An interesting insight into Wittgenstein's life during WW1 in the form of a coded notebook/diary written in conjunction with the work he was doing to formulate his philosophy. His frustrations with the other soldiers with whom he has to share his living space are more than apparent, but he is at least aware of how grumpy he is. Although nothing is explicitly written down there are hints about some sexual encounters, which cause more mental anguish because of his religious beliefs. One for those interested in the finer details of his life.
A fascinating historical document and certainly a must-read for Wittgenstein completists, even if much of the text is limited to variations on the following three themes:
1) Nicht gearbeitet. ("[I] did no work.") 2) Jeder haßt mich. ("Everybody hates me.") 3) Heute wieder onaniert. ("[I] Roughed Up the Suspect again today.")
Things begin to open up a bit in the third notebook, in which W. begins making significant progress on the Tractatus.
This book ought to be read only by readers who've spent time with the Tractatus. It made me realize that the Tractatus can (should?) be read as an example of WW1 literature. It makes me want to reread it alongside David Jones, Ernst Jünger, and other writers who saw combat.
I'm not convinced by Perloff's arguments about Wittgenstein's homosexuality, and I wish she had included all of the recto pages.
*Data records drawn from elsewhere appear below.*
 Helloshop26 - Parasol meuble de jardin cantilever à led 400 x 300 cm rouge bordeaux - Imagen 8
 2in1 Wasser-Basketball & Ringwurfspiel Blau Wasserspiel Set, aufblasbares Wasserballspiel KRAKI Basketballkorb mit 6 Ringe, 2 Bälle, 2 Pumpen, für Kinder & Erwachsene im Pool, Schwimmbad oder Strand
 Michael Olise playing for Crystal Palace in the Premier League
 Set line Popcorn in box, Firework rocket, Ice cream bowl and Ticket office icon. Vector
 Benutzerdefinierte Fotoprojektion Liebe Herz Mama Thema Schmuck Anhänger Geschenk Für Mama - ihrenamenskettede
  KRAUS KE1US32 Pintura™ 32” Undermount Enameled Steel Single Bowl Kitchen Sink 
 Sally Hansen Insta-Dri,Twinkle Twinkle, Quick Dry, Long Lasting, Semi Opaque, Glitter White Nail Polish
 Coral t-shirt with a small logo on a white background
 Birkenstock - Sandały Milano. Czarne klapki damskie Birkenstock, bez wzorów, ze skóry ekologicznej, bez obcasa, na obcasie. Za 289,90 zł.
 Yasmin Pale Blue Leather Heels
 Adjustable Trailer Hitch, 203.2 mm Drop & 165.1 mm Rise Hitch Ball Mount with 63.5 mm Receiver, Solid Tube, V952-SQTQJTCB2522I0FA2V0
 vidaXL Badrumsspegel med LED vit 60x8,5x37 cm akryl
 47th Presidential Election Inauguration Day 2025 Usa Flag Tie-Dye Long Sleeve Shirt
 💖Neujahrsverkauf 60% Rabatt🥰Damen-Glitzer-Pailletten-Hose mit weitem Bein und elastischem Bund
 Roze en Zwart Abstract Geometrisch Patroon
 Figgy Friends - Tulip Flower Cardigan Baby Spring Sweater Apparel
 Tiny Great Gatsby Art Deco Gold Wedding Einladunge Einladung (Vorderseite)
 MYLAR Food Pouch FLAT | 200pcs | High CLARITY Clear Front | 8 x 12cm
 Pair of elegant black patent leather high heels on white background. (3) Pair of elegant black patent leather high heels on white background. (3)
I can't imagine why she didn't.
Los cuadernos privados de Wittgenstein, filósofo referencial del siglo XX, escritos mientras se encontraba en el frente de guerra. Ahí aparecen, a salpicones, notas de su Tractatus Logicus Philosophicus. Imprescindible.
love to hear his prayers. particularly when he thinks he's bout to be killed. Thy will be done. Pretty sure I'm religious now. Also 5 stars for first-hand descriptions of his masturbation routine.